# What you have to do
Nothing outside the lines below from the one containing "5 Bedroom Private" through the one containing "Hymer T 588" is to be printed; print those exactly, ends included, and drop the pictures.
(Beginning of Supplied data)
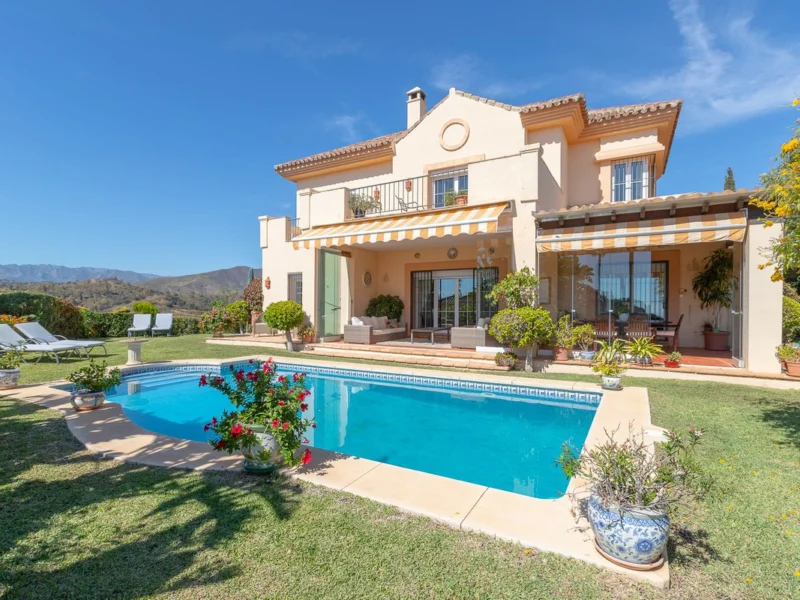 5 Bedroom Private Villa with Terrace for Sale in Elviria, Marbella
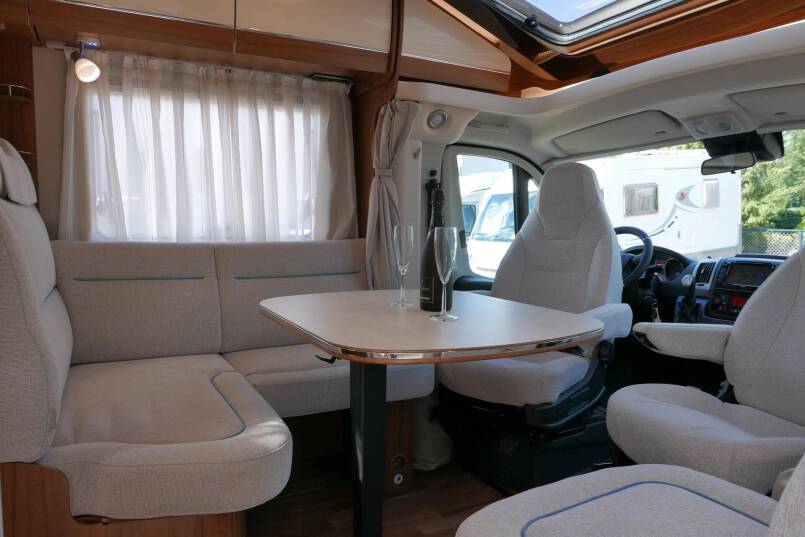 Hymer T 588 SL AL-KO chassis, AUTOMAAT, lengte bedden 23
(End of Supplied data)
(Beginning of Supplied data)
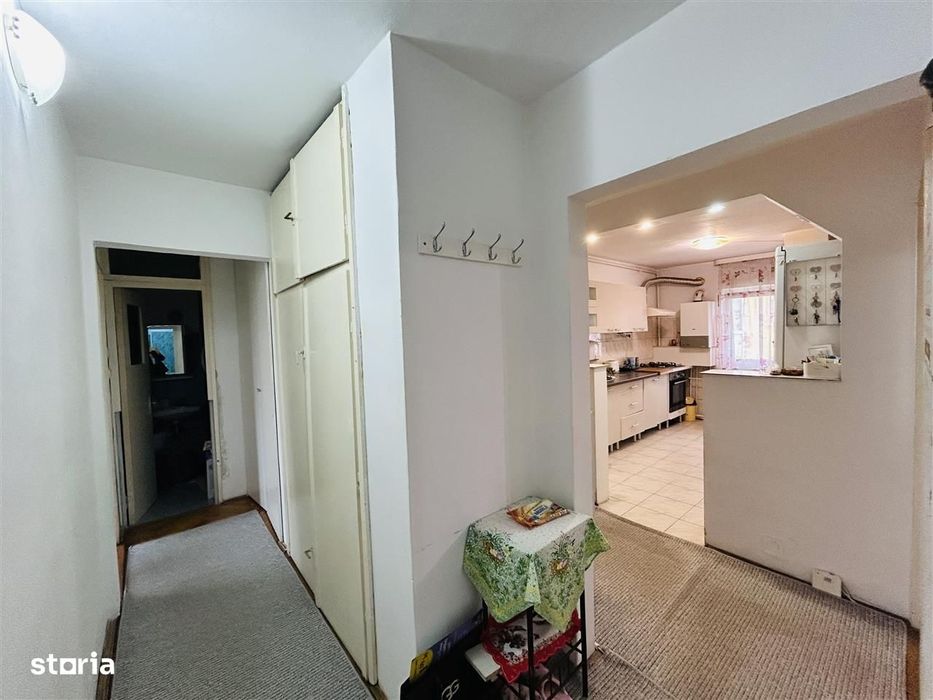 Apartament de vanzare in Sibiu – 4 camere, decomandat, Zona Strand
(End of Supplied data)
# Completed exercise
 5 Bedroom Private Villa with Terrace for Sale in Elviria, Marbella
 Hymer T 588 SL AL-KO chassis, AUTOMAAT, lengte bedden 23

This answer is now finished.